Robert Fulghum was right--"all I ever needed to know I learned in kindergarten." Ministering in the jails and drug treament center has taught me all about human behavior. You learn more about people at the foot of lack than you would ever apprehend at the top of the totem pole.
The majority of us do not subscribe to the Mr. Spock way of thinking and the Vulcan way of life. (Star Trek fans will understand.) Rarely do people make sound, rational, spiritual, logical, reasonable decisions. They are governed mainly by fear and emotional responses. Donald Trump seems to know this instinctively. However recent events may be highlighting this truism of life--"you can fool some of the people some of the time, but you cannot fool all of the people all of the time."
As the election recedes in our rear view mirror, here are some lessons that I have learned.
Poor and disadvantaged people address needs before values. For them, conservative Supreme Court Justices, the overturning of Roe Vs Wade and restrictions of homosexual rights, while important in the intellectual theological sphere of the affluent suburbs, are nebulous abstract concerns in the "hood.” They are more concerned about putting food on the table, making an extra buck an hour and being able to survive to do it. Do you think on Chicago's embattled South Side they are wringing their hands about the appointment of the next Supreme Court Justice?

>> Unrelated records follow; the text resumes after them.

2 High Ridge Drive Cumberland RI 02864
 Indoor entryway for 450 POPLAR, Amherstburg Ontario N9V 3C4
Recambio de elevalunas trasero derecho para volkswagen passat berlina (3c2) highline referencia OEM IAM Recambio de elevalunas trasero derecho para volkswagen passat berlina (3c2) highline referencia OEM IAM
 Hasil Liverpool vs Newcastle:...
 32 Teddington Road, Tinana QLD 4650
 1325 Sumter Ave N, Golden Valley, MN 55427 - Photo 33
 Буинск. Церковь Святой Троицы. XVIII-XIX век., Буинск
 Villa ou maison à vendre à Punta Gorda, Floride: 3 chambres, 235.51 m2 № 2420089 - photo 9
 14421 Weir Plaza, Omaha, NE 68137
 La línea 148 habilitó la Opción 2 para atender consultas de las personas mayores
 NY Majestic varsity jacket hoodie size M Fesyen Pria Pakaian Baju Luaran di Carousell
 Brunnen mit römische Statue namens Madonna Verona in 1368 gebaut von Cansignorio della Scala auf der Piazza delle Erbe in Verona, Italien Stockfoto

Does anybody remember Philando Castile, black cafeteria supervisor, killed by police in July 2016?
Between July 2002 and his death in July 2016, Philando Castile was stopped by police at least 46 times. Some traffic stops kicked off months- and years-long spirals of fines, driver’s license suspensions and more traffic stops that Castile would eventually pay off or settle in court. He was most often cited for driving on a suspended license or lacking proof of insurance.
People forget that making a living and staying alive are vitally, supremely, important priorities to every human being.
If you are dead, it does not matter how you think, feel or would vote on any particular issue.
For the Black, Jewish and Latino voter, the Democratic candidate offers him or her the best chance to stay alive with his stance on gun control, healthcare and wage increases.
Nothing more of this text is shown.